#### PROBLEM DESCRIPTION
From the material below, reproduce exactly the stretch of lines that begins with the line holding "Handsome Elegant Man" and ends with the line holding "Una tetera con", skipping the pictures.

#### INFORMATION PROVIDED
Content starts
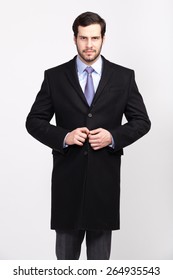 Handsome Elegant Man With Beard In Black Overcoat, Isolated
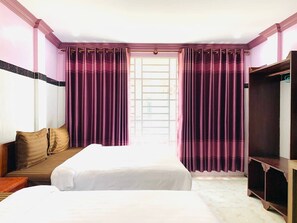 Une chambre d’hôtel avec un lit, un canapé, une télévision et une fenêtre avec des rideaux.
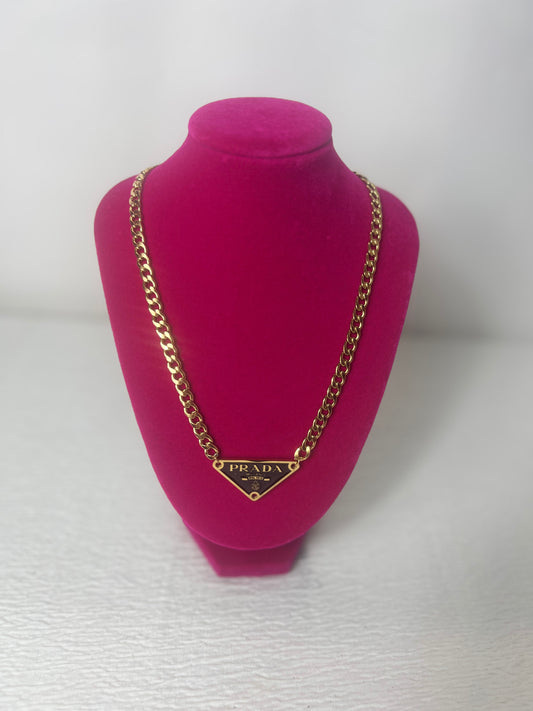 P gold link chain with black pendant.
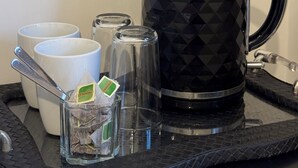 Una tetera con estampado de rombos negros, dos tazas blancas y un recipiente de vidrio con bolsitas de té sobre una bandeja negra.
Content ends
Content starts
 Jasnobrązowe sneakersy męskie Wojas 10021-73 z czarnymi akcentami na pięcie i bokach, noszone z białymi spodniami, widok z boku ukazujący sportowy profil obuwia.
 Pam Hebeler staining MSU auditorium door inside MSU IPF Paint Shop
Content ends
Content starts
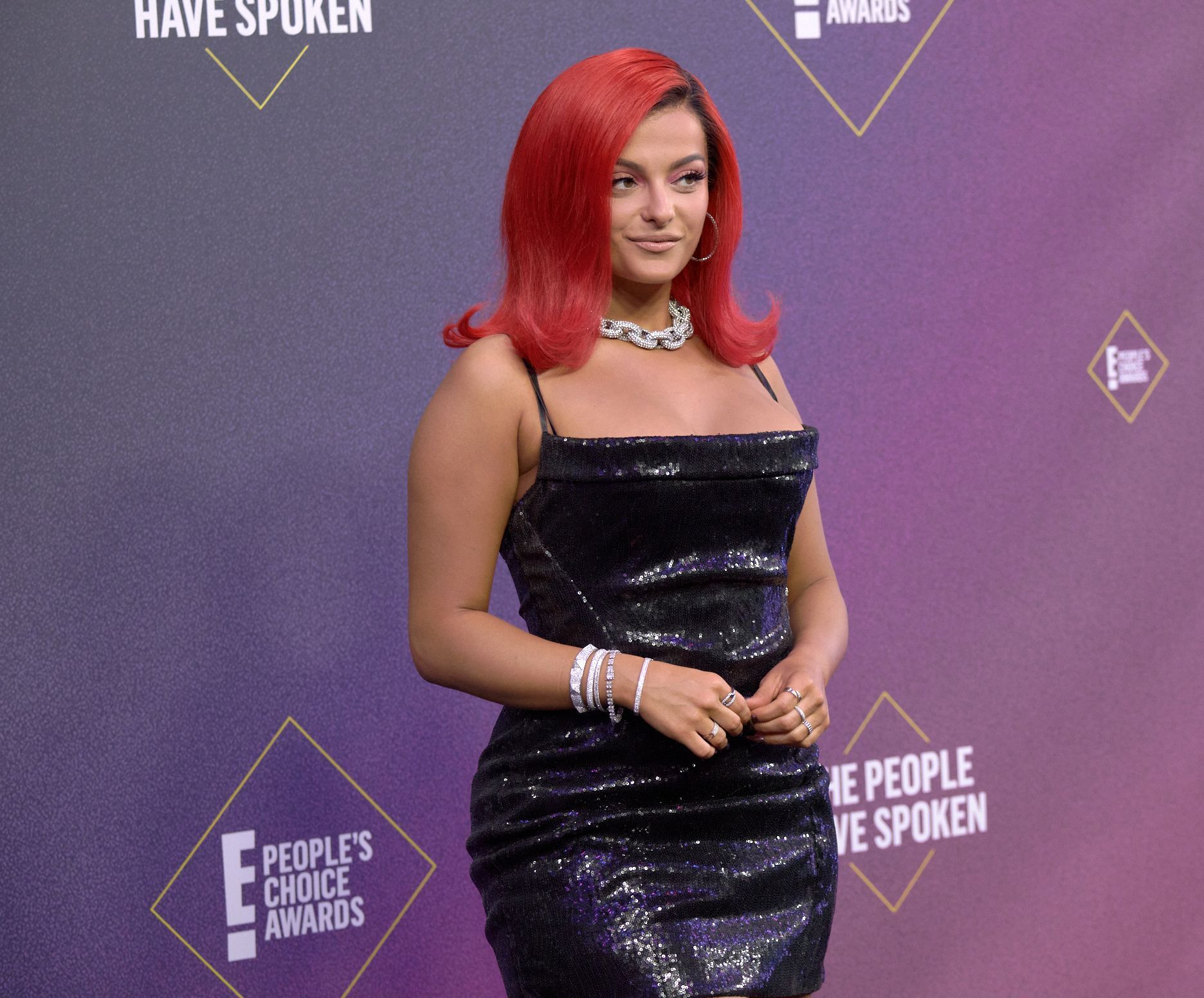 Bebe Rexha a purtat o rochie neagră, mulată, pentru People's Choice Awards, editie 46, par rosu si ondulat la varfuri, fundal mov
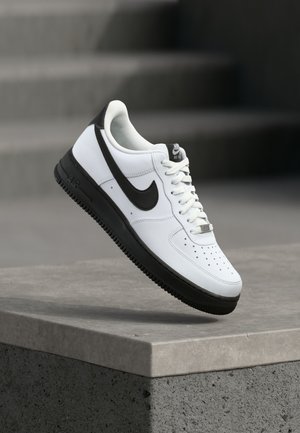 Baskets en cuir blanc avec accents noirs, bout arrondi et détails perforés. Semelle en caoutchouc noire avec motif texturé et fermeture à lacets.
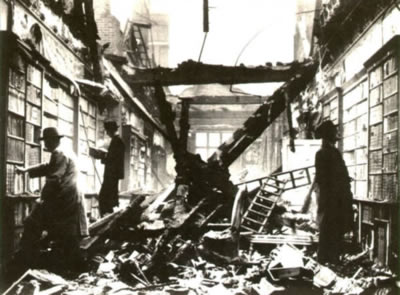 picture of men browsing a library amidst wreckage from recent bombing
Content ends
#### WRITTEN ANSWER
 Handsome Elegant Man With Beard In Black Overcoat, Isolated
 Une chambre d’hôtel avec un lit, un canapé, une télévision et une fenêtre avec des rideaux.
 P gold link chain with black pendant.
 Una tetera con estampado de rombos negros, dos tazas blancas y un recipiente de vidrio con bolsitas de té sobre una bandeja negra.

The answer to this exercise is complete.